■ **Data provided**
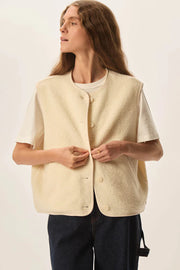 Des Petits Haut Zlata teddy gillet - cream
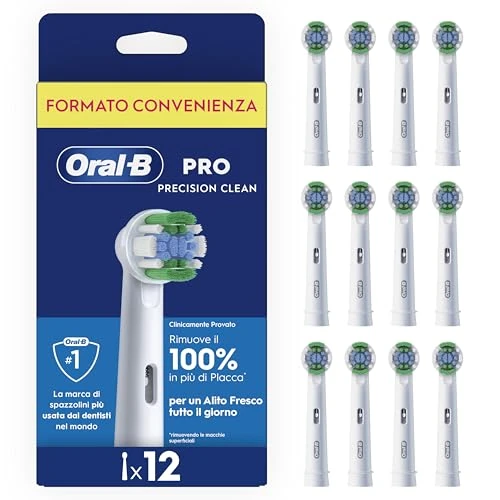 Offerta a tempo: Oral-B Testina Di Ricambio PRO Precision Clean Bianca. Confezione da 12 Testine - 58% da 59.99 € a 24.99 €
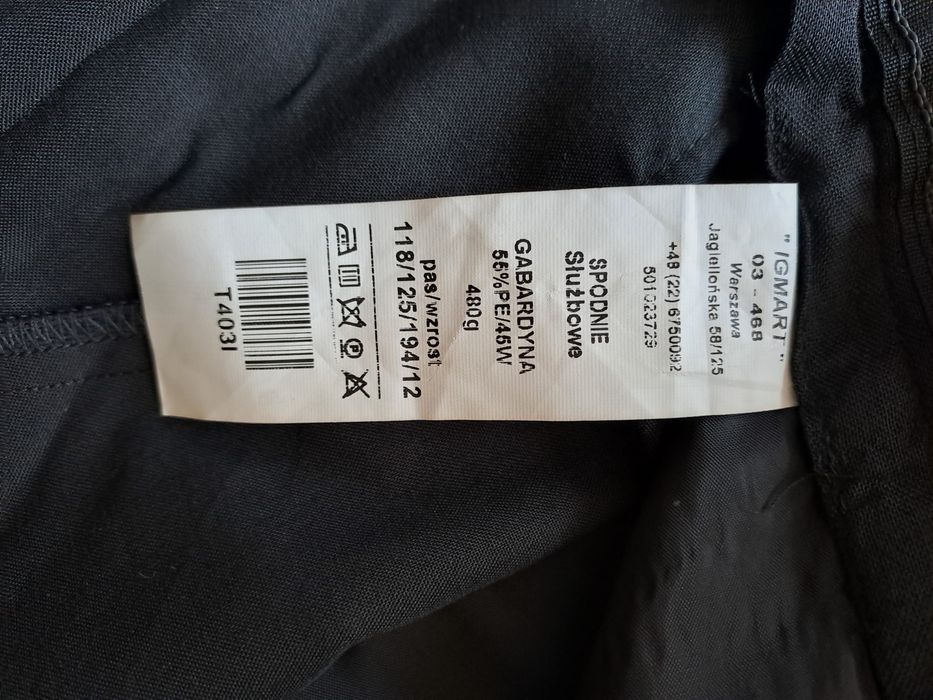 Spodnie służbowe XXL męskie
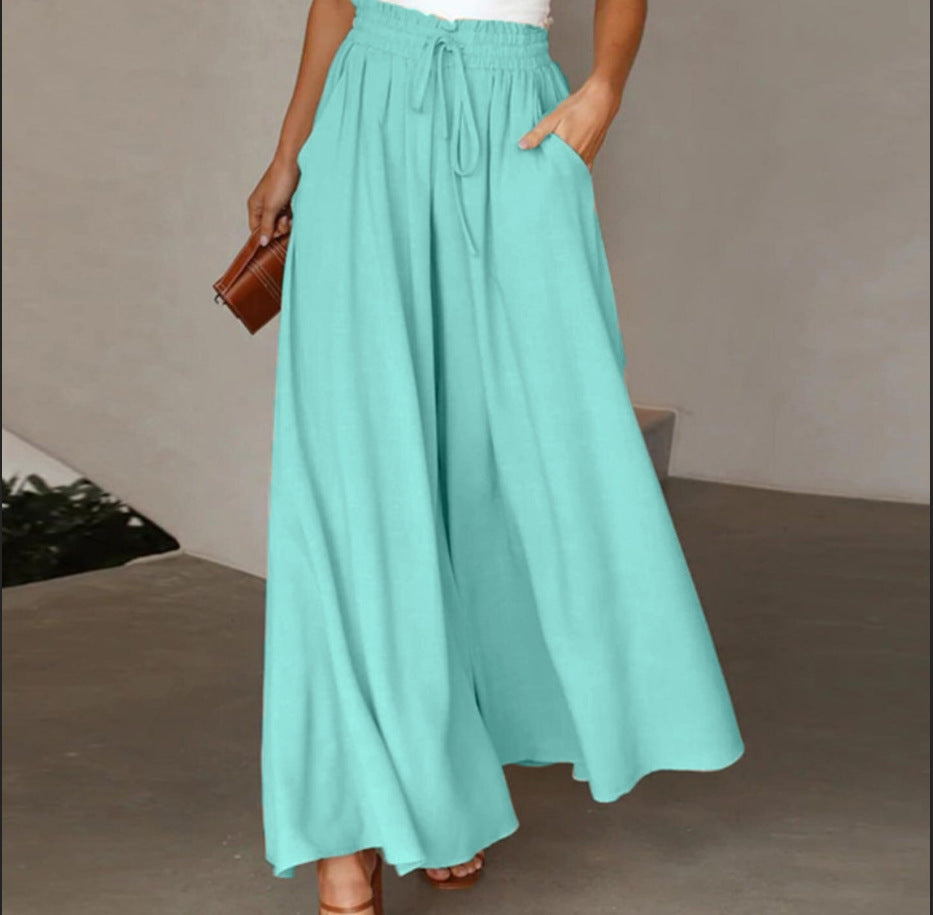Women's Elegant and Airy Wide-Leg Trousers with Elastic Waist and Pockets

■ **Task statement**
The full listing, transcribed exactly and without its pictures, is the expected result.

■ **Answer section**
 Des Petits Haut Zlata teddy gillet - cream
 Offerta a tempo: Oral-B Testina Di Ricambio PRO Precision Clean Bianca. Confezione da 12 Testine - 58% da 59.99 € a 24.99 €
 Spodnie służbowe XXL męskie
Women's Elegant and Airy Wide-Leg Trousers with Elastic Waist and Pockets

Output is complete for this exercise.